Decarbonisation debate rages as Labour's Energy Bill amendment fails
A bid by Labour to add a decarbonisation target for 2030 to the Energy Bill was defeated in the House of Commons last night. The legislation passed through to committee stage.
The amendment was beaten by 279 votes to 206 despite widespread support for the proposal both within parliament and from business leaders and environmentalists outside it.
Tim Yeo, conservative MP and chair of the Energy and Climate Change Committee, voted with the government a day after saying he would lobby for just such a target. He had said he would introduce an amendment after the Bill's committee stage, towards the end of February, to restrict power plant carbon emissions in 2030 to less than 100 grams per kilowatt hour of electricity.
Liberal Democrat energy secretary Ed Davey admitted he was "sympathetic" to the arguments behind a 2030 decarbonisation target.

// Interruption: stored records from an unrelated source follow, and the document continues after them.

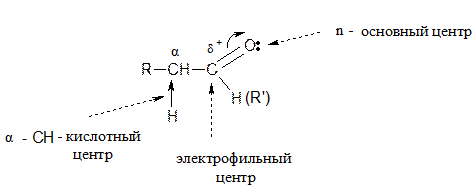 Трет-бутиламин метилэтиламин триметиламин - student2.ru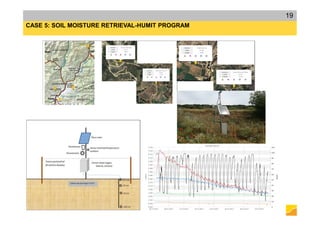 5:
1:
2:
CASE 5: SOIL MOISTURE RETRIEVAL-HUMIT PROGRAM
19
 
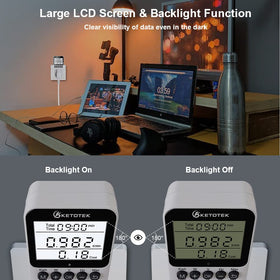KETOTEK Energy Monitor helps optimize usage for computers, TVs, and electronics.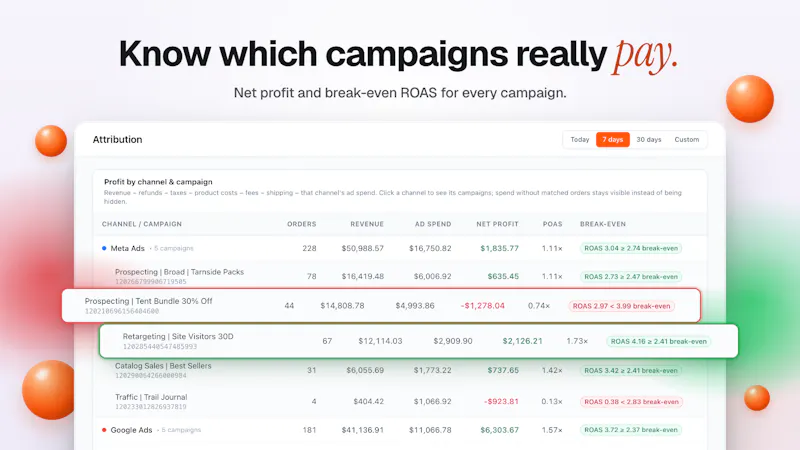 WeProfit.com screenshot 5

But he voiced disappointment that Labour was not giving the Bill its full support.
He said the measures represented "a practical and a radical approach to reforming our electricity market" and would promote economic growth.
He added: "We need to pass this Energy Bill if Britain is to have a credible and ambitious energy and climate change policy".
Shadow energy secretary Caroline Flint said Labour was challenging the legislation because it failed to include "a clear target to decarbonise the power sector by 2030, and because it fails to include direct measures to increase transparency, competition or liquidity or ensure that the energy market is properly regulated and works in the interests of consumers".